== Task prompt ==
For the records below, copy exactly the span that begins at the line containing "Lovely Casual Printed" and stops after the line containing "Vanson Leathers 14G", minus any pictures.

Dataset records

=== Section Start ===

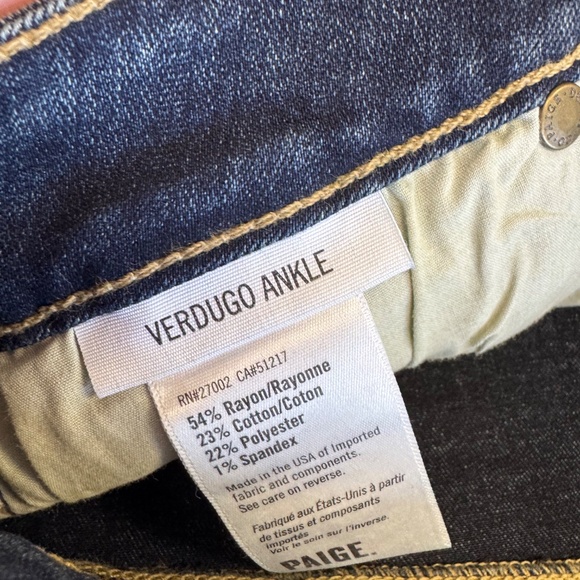 PAIGE Verdugo Ankle Mid-Rise Ultra Skinny Blue Jeans Size 31 - Picture 10 of 14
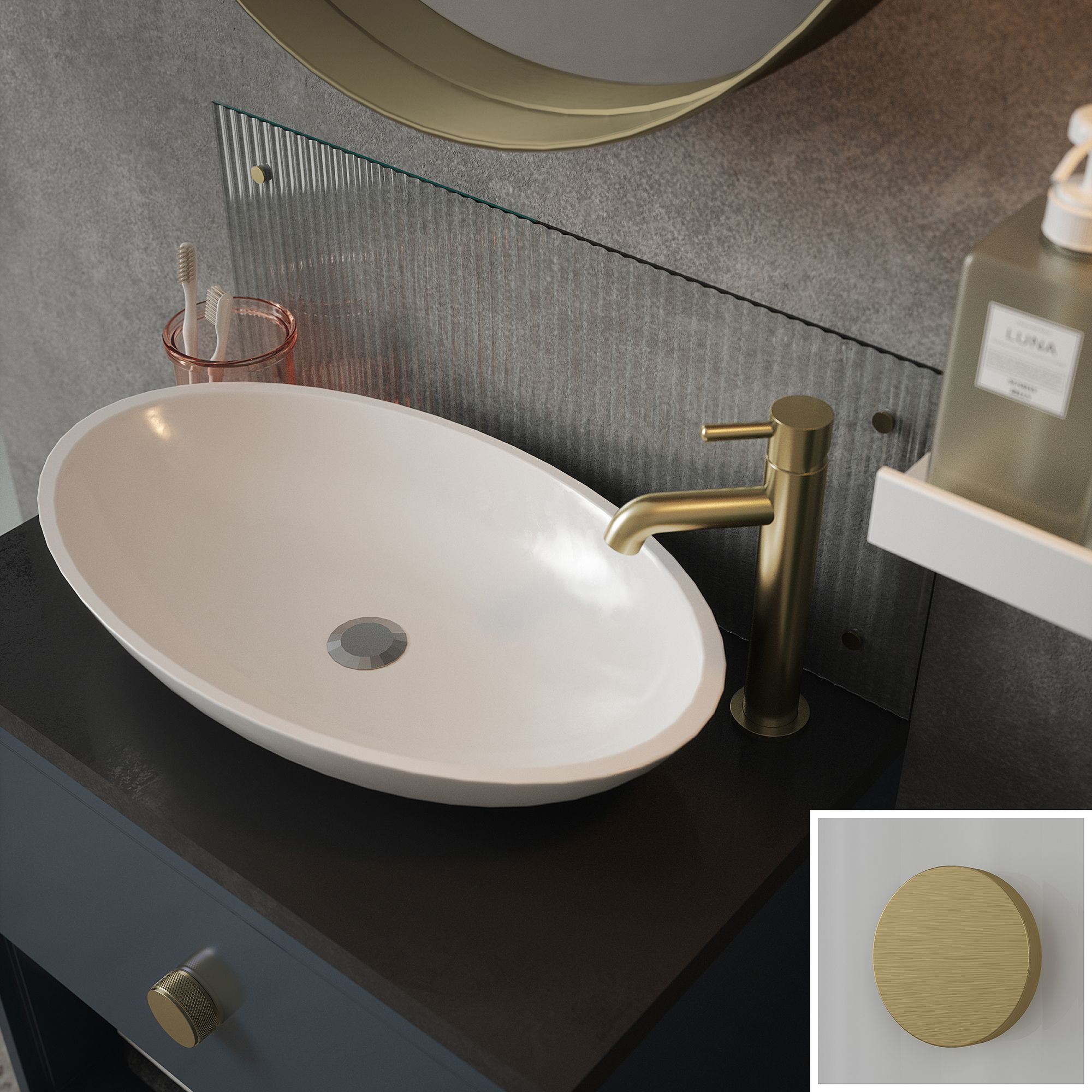 Clear Fluted Glass B'room S'back B Brass 250x600mm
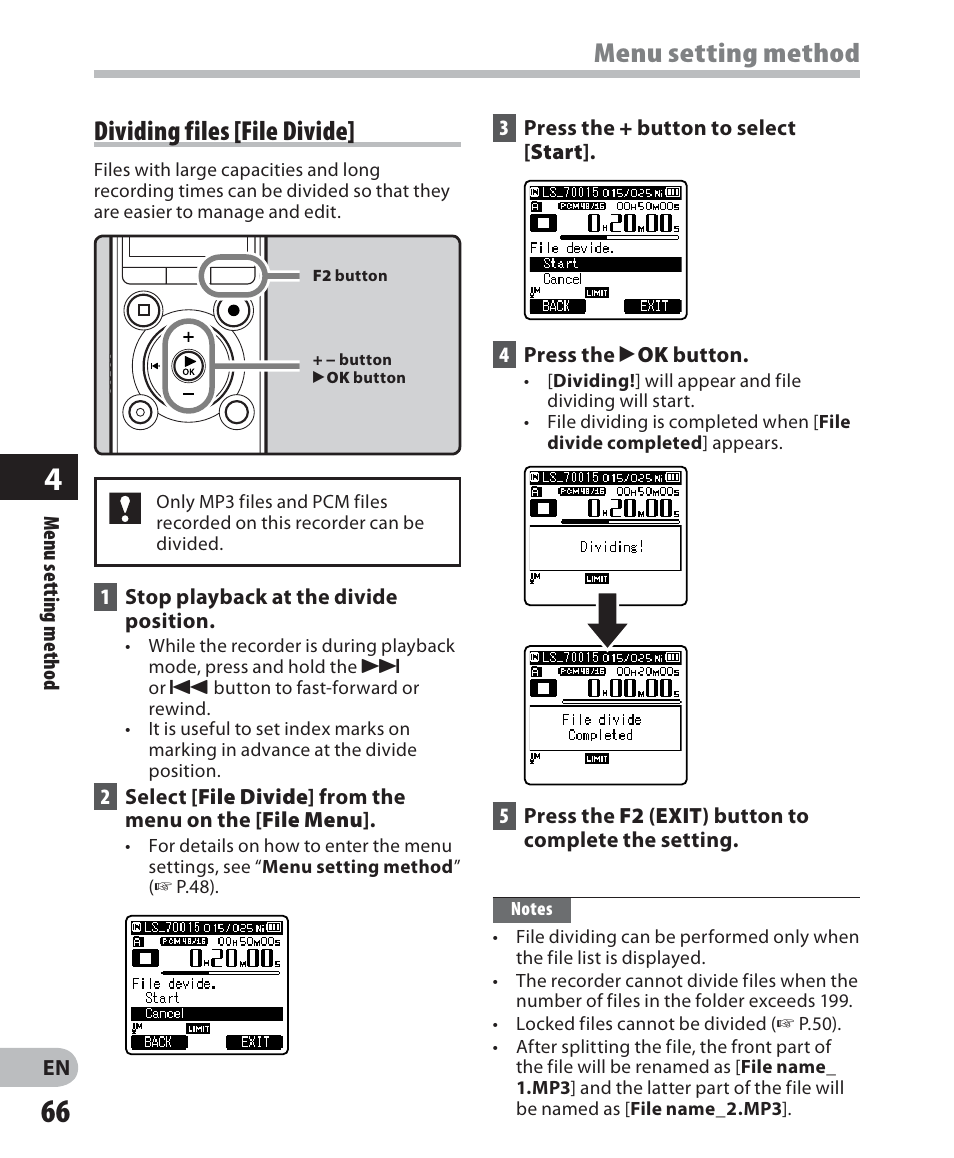 Menu setting method, Dividing files [file divide | Olympus LS-7 User Manual | Page 66 / 103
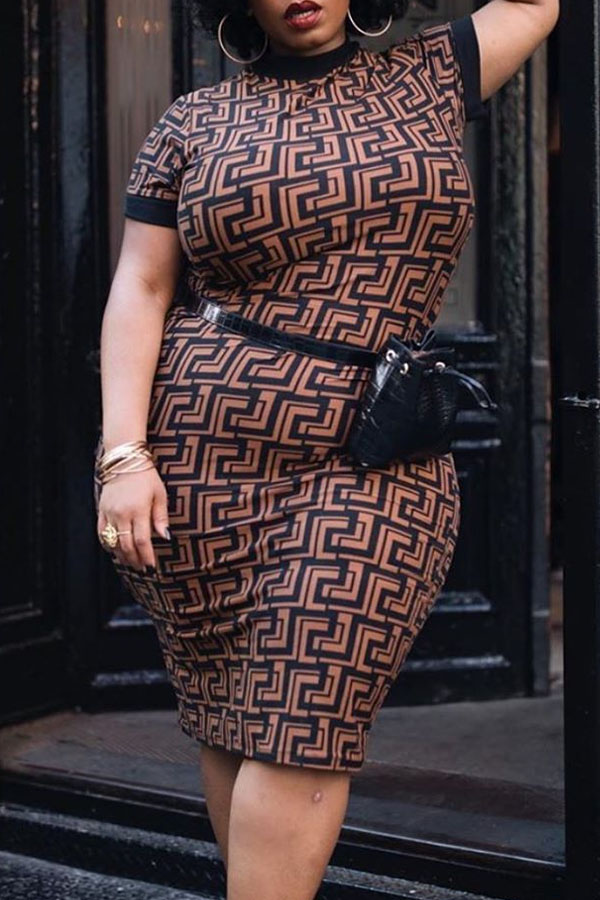 

Lovely Casual Printed Brown Knee Length Plus Size Dress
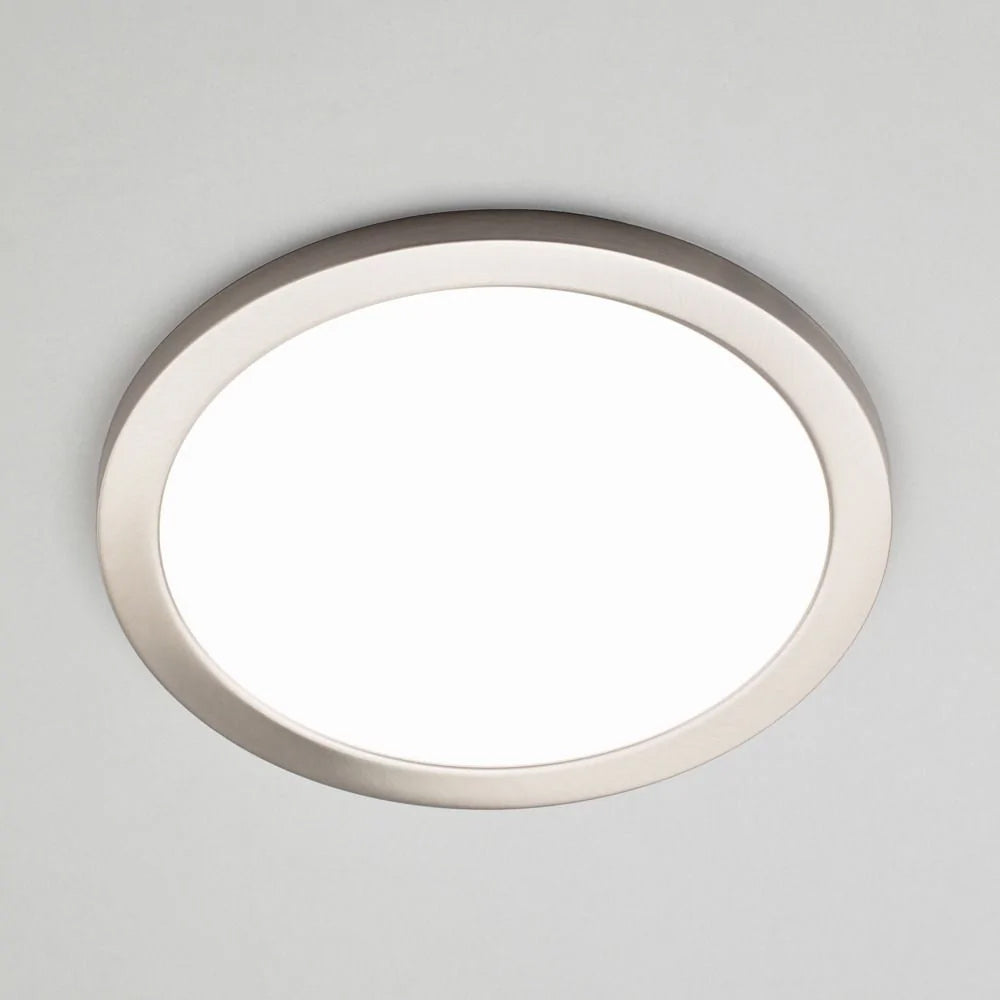 Adjustable Slim Flat Recessed / Surface Round Downlight Panel Light Fitting | LED 24W 2400lm | CCT Tri-Colour | IP44 | Satin Nickel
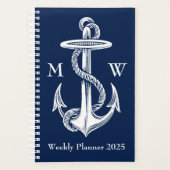 blauw monogram witte anchor Rope Navy Planner (Voorkant)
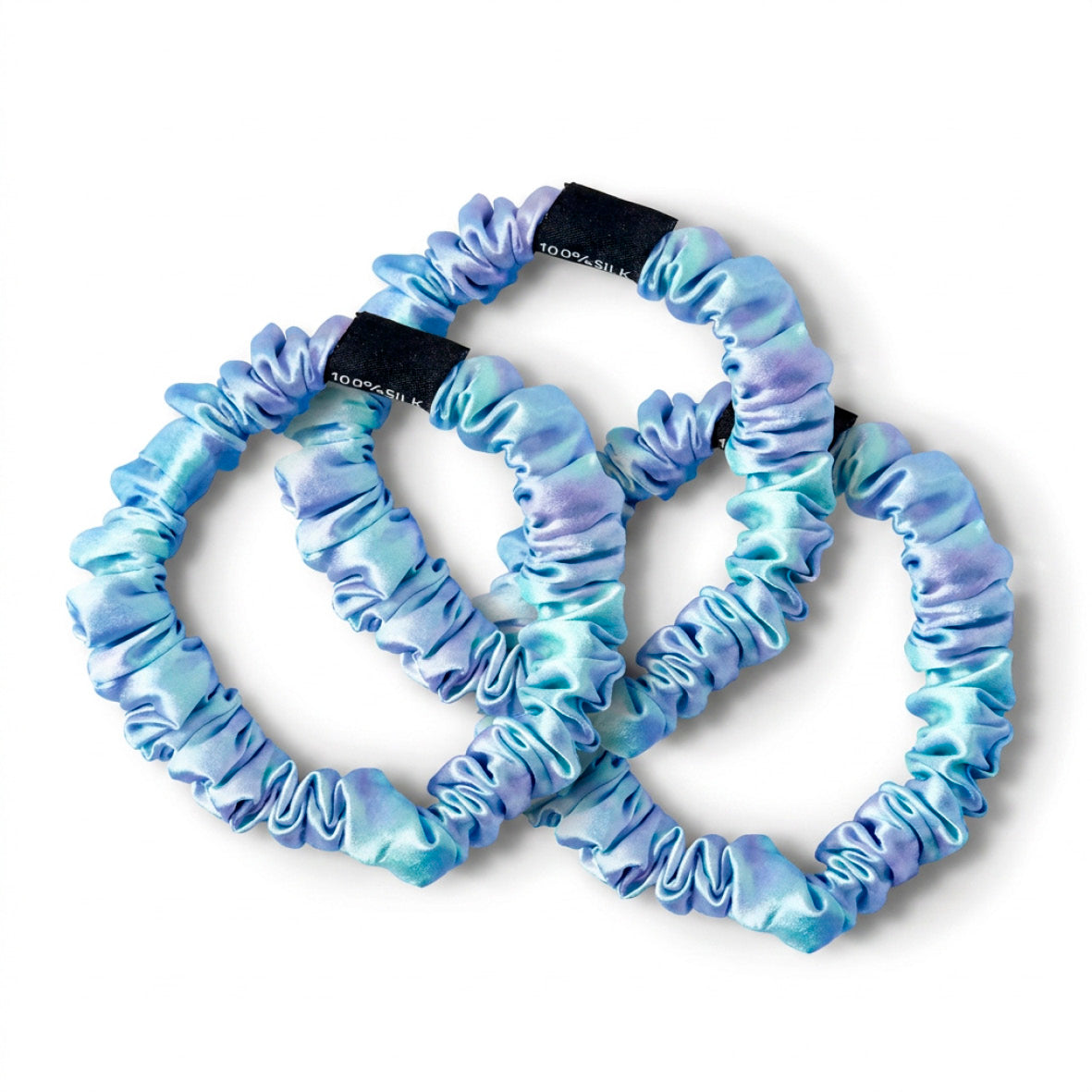 Set of 3 skinny scrunchies silk - Althéa Dream - 3 x (D 6 cm)
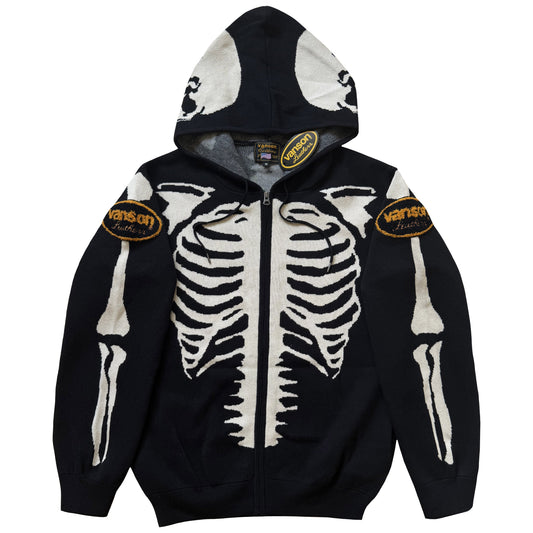 Vanson Leathers 14G Knitted Skeleton Hoodie - M | Medium, Black and White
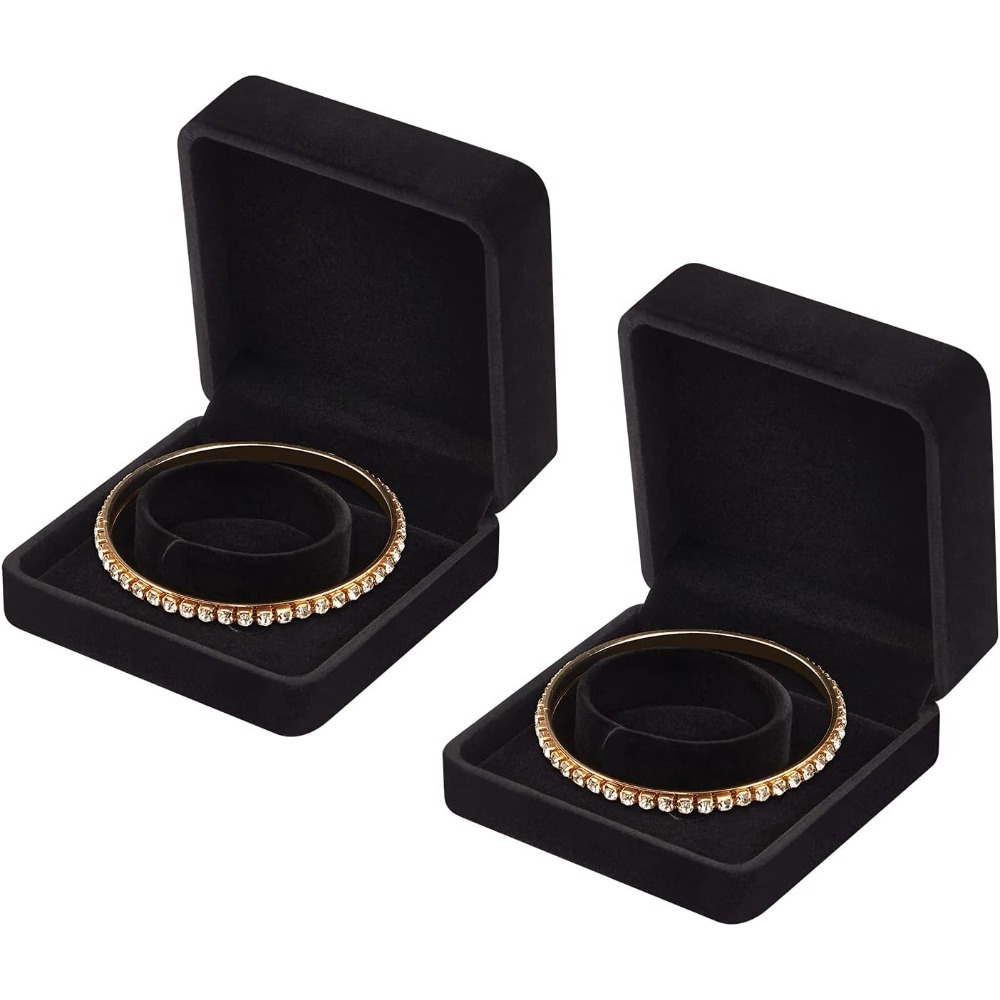 Image of 2pcs Velvet Bracelet Boxes For Jewelry Gift, Classic Jewelry Box Storage Case Organizer Holder For Wedding, Engagement, Proposal, Birthday And Anniversary (black)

=== Section End ===

== Output of the task ==
Lovely Casual Printed Brown Knee Length Plus Size Dress
 Adjustable Slim Flat Recessed / Surface Round Downlight Panel Light Fitting | LED 24W 2400lm | CCT Tri-Colour | IP44 | Satin Nickel
 blauw monogram witte anchor Rope Navy Planner (Voorkant)
 Set of 3 skinny scrunchies silk - Althéa Dream - 3 x (D 6 cm)
 Vanson Leathers 14G Knitted Skeleton Hoodie - M | Medium, Black and White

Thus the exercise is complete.